Tips for a new Django developer - niyazpk
http://zeroandone.posterous.com/top-10-tips-to-a-new-django-developer
======
rmanocha
Another point I would add to this list is to not be afraid of reading the
Django Source code. While the docs cover a lot, you can find a lot of hidden
gems simply going through the source code - it is highly readable and most
stuff is where you would expect it to be.

Of-course, be careful while doing so though 'cause the stuff that isn't
documented can change at anytime, and may break your code.

------
ivankirigin
This is some really useful stuff. I learned a lot of this over time, and
wished I had known it sooner.

The point about schema evolution is important.
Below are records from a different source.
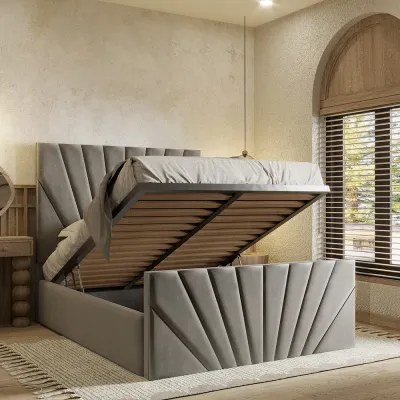 Tokyo W 180 x L 200 King Upholstered Sunrise Designer Bed -Silver With 1-Year Warranty - Image 3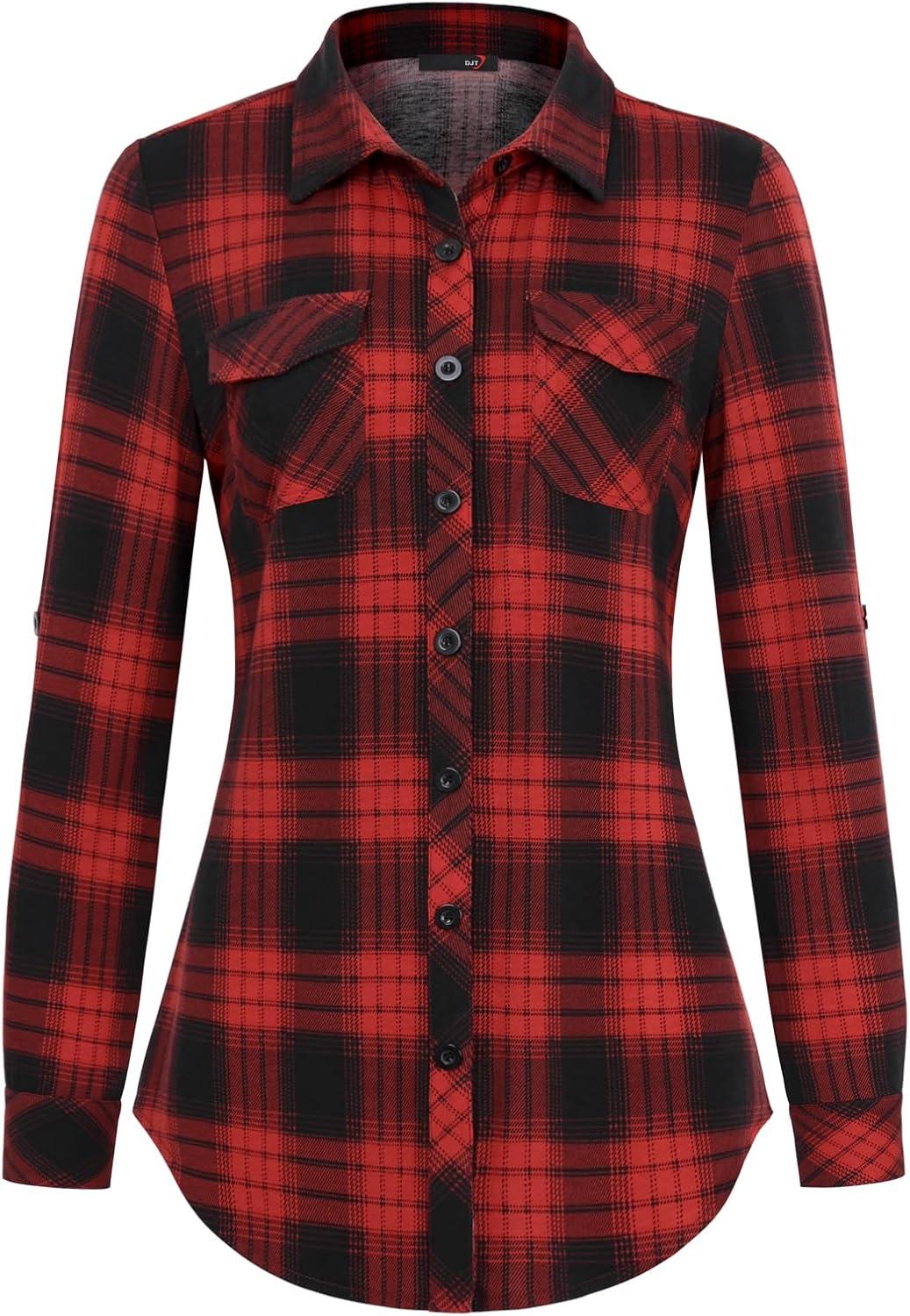 image:imageDJT Womens Soft Stretchy Knit Plaid Shirts Roll Up Long Sleeve Collared Button Down Blouses TopsRed Black Plaid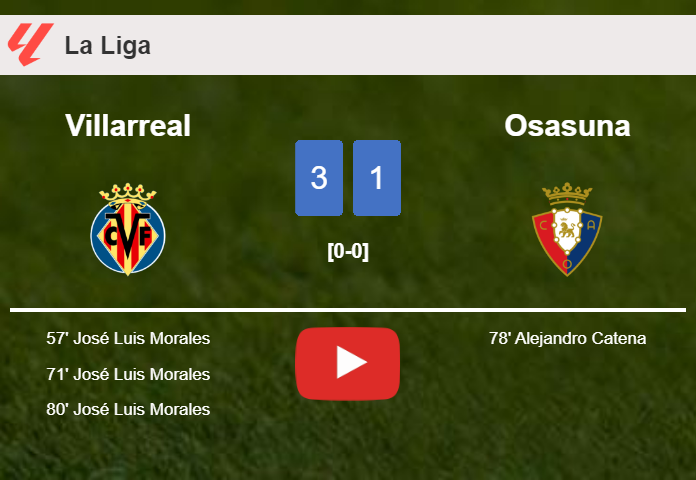 Villarreal overcomes Osasuna 3-1 with 3 goals from J. Luis. HIGHLIGHTS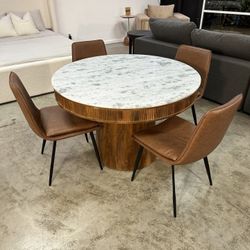 Fluted Wood Dining Table Set with Genuine Marble Stone & Vegan Leather Chairs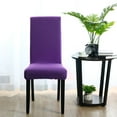 thumbnail image 4 of PiccoCasa 4Pcs Stretch Spandex Seat Slipcovers Plain Classic Chair Protectors, Purple, 4 of 5
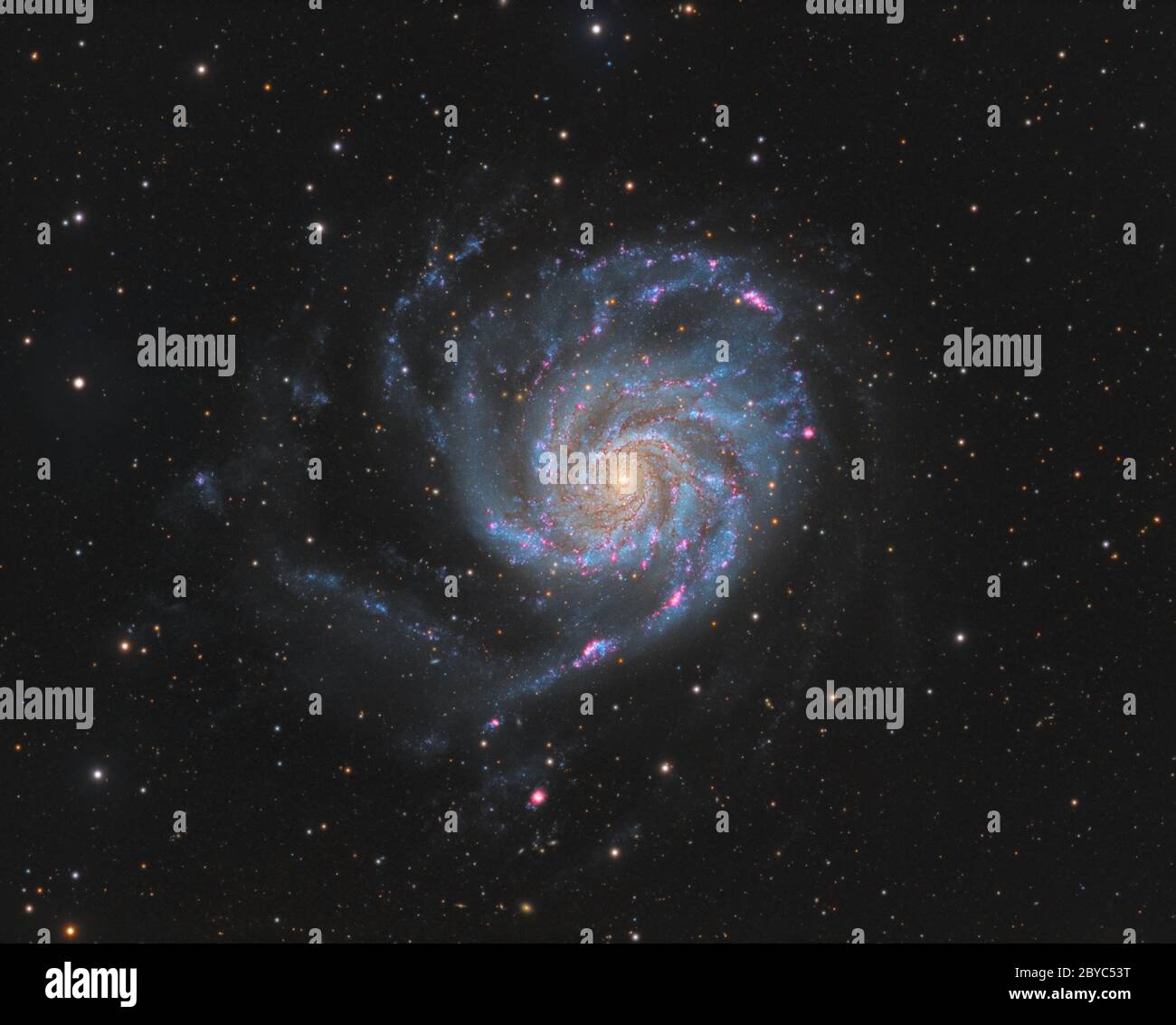 Messier 101 (NGC 5457) è un volto su galassia a spirale distante 21.8 milioni di anni luce nella costellazione di Ursa Major. Foto Stock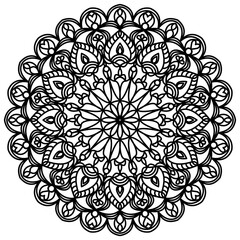 Mandala. Black ornament on white background. Vector pattern for tattoo, henna drawing, coloring book pages. Element for application on fabric, paper, glass.  Isolated circular pattern in psychology.
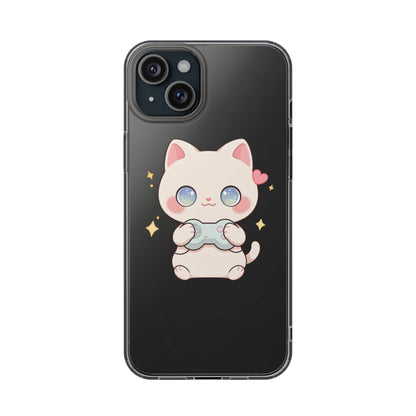 Kawaii Gamer Cat Clear Phone Case for Gaming Fans
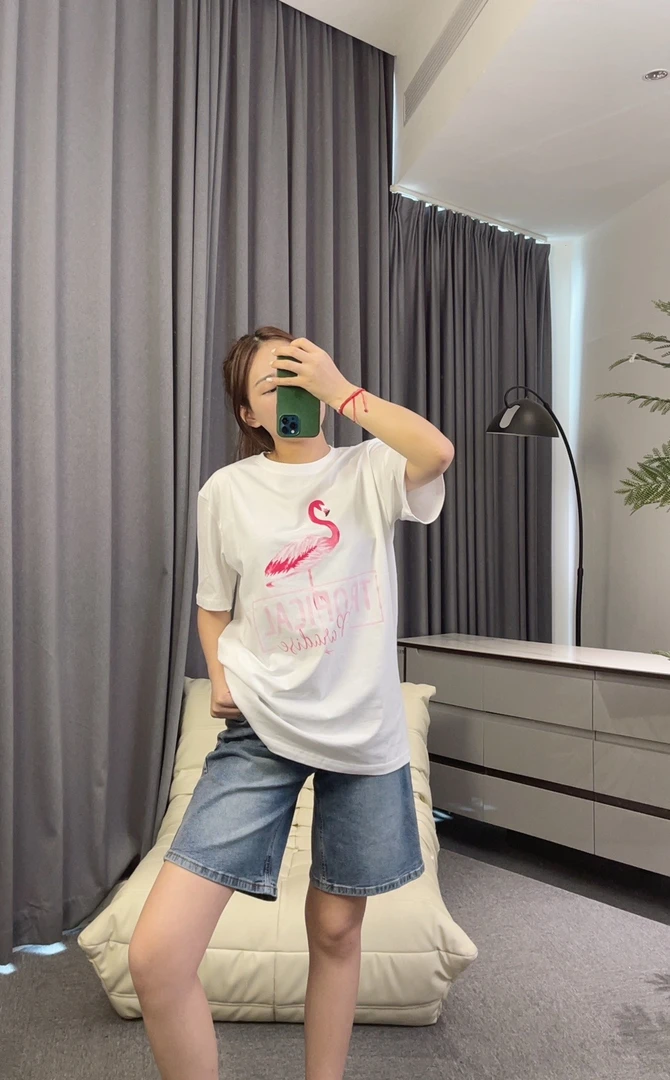 甘姐【丹顶鹤T恤】 100%棉 韩版百搭火烈鸟宽松舒适T恤  ZS-C168003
I've taken to using a pickled python object in a text field in every model.
That flexibility to store arbitrary data in a hash is amazing. I've used it
to, for example, represent twitter accounts that are oauthed, with password,
following the business account, or just nothing special. 4 kinds of accounts,
with logic in the model to deal with it properly, all without evolving the
schema. I only started with the first 2, and added the latter two without a
problem.

I'm pushing this a bit further now, and transitioning away from models
altogether, and experimenting with a non-relational database like couchdb. I'm
debating moving to google app engine too, but found some details (like getting
on your own domain) to be pretty annoying.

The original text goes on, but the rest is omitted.